BEGIN Raw data
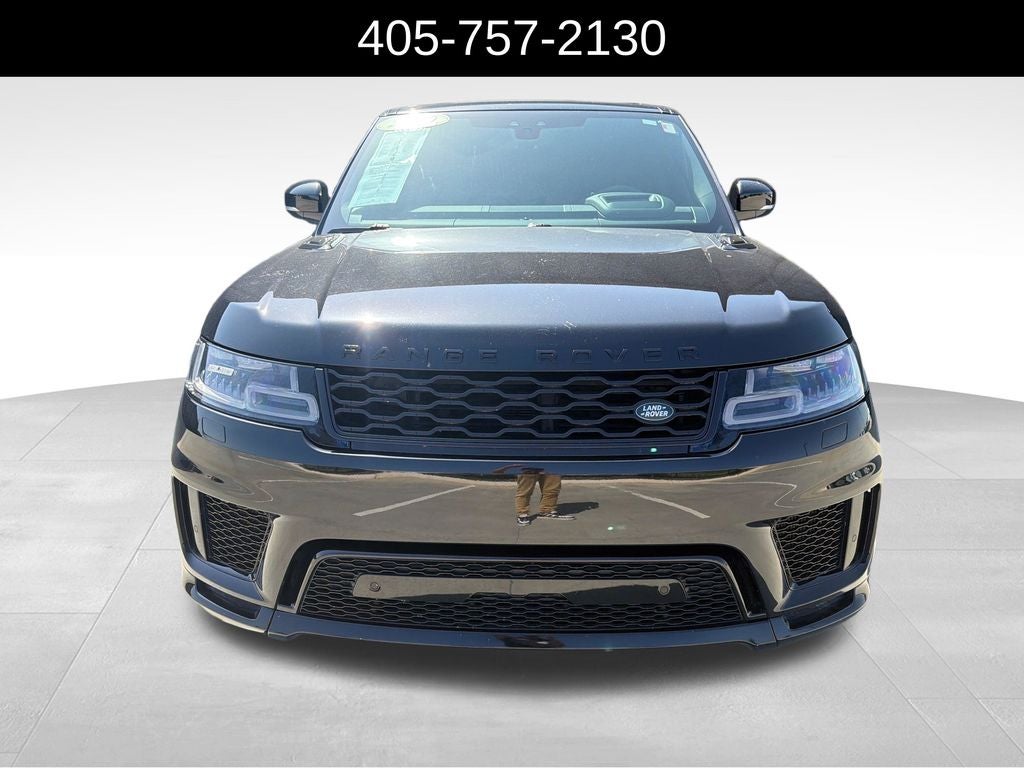 2020 Land Rover Range Rover Sport HST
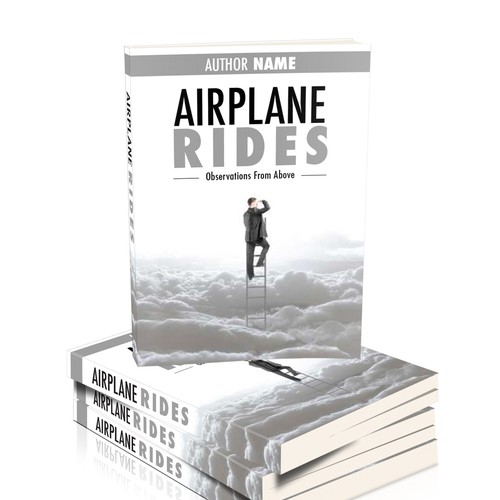 Design E Book cover for Airplane Rides - Observations From Above Design by Skartworks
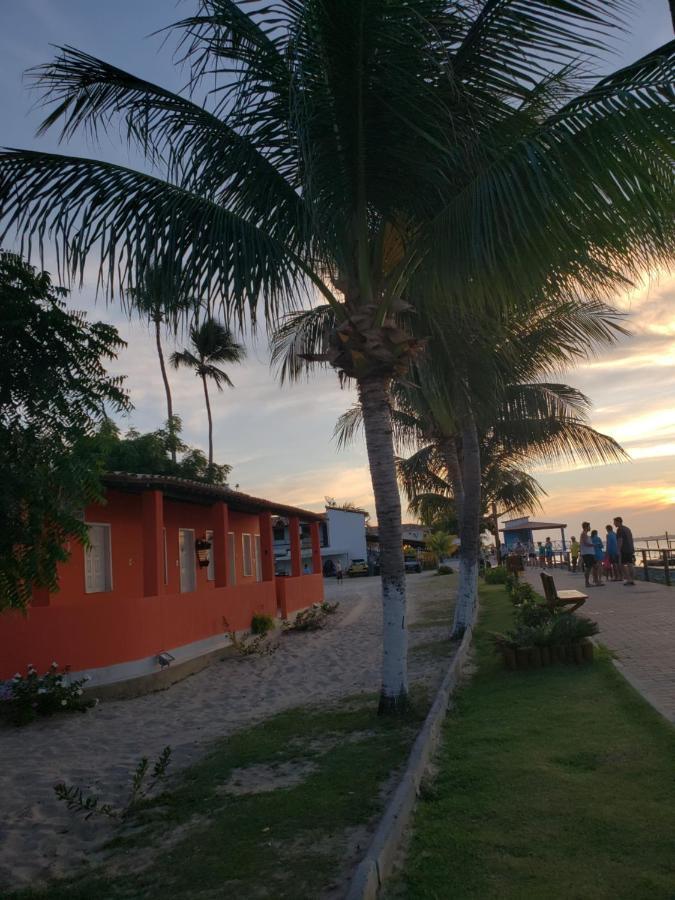 Pousada Grao De Areia Beira Mar Mangue Sêco Zewnętrze zdjęcie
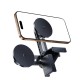 Автомобільний тримач Baseus T-Space TC1 MagSafe Central Screen Mount (Corner Version) Black C0013501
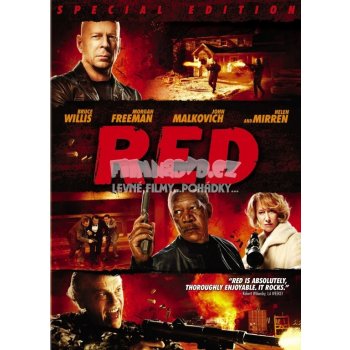 red - ve výslužbě a extrémě nebezpeční DVD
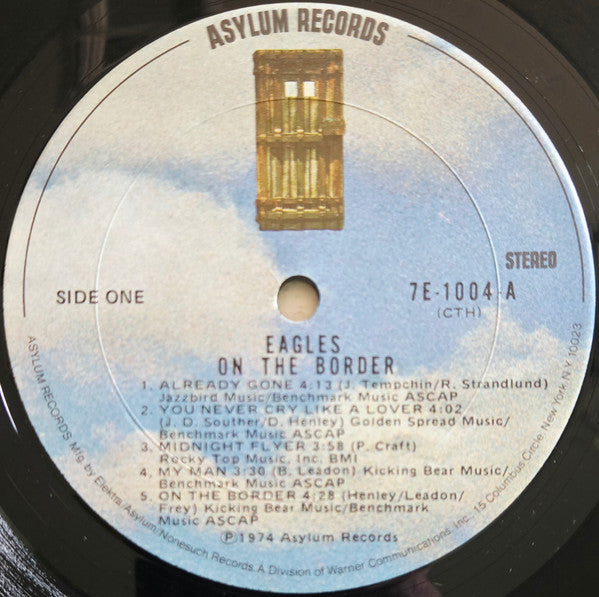 Eagles - On The Border - LP 3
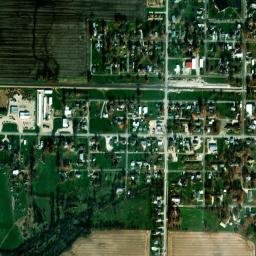 Camp Point map(satellite map)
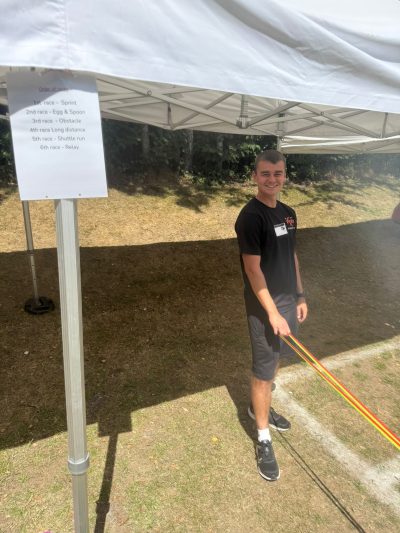 Delivering Support for Sports day in primaries - sheffield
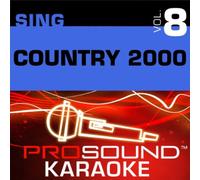 Sing Country 2000 - Sing-a-Long-Vol. 8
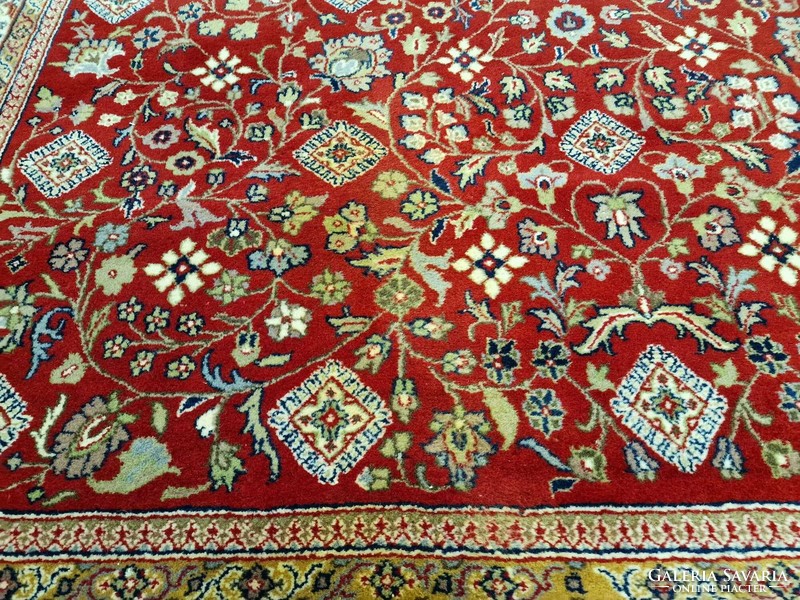 Huge Isfahan hand-knotted 250x350 cm wool Persian rug ep01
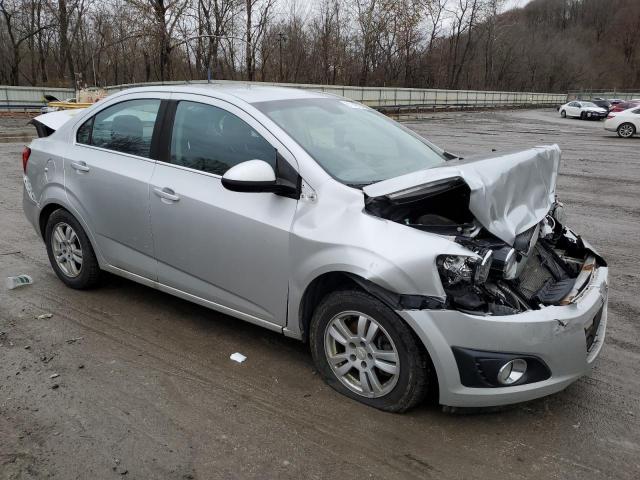 Photo 4 from auction – 2012 CHEVROLET SONIC LT with VIN 1G1JC5SH4C4213969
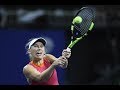 2017 Toray Pan Pacific Open Quarterfinals | Caroline Wozniacki vs Cibulkova | WTA Highlights
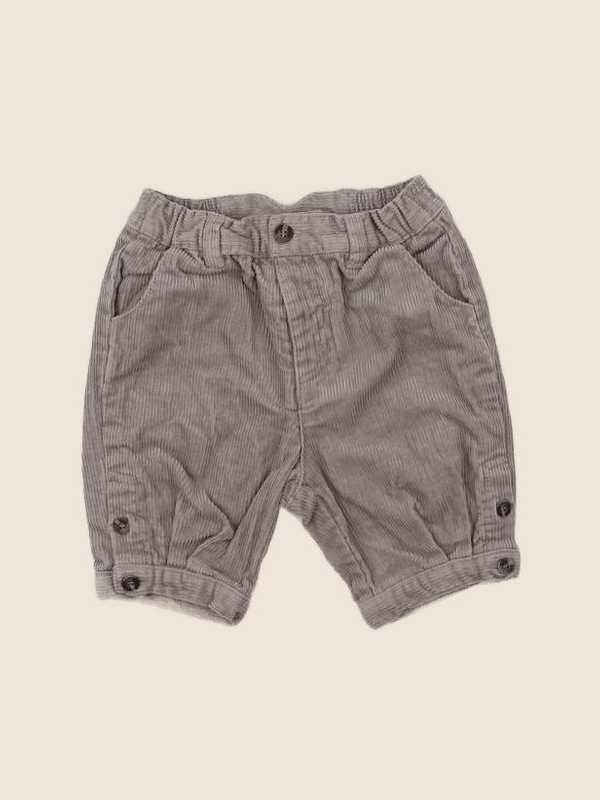 Cyrillus - pantalon marron - 12 mois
END Raw data
→ Aim of the task:
Leave the pictures aside. Set down exactly the lines from the one with "Camp Point map(satellite map)" through the final line of the listing above.

→ Solution to the problem:
 Camp Point map(satellite map)
 Delivering Support for Sports day in primaries - sheffield
 Sing Country 2000 - Sing-a-Long-Vol. 8
 Huge Isfahan hand-knotted 250x350 cm wool Persian rug ep01
 Photo 4 from auction – 2012 CHEVROLET SONIC LT with VIN 1G1JC5SH4C4213969
 2017 Toray Pan Pacific Open Quarterfinals | Caroline Wozniacki vs Cibulkova | WTA Highlights
 Cyrillus - pantalon marron - 12 mois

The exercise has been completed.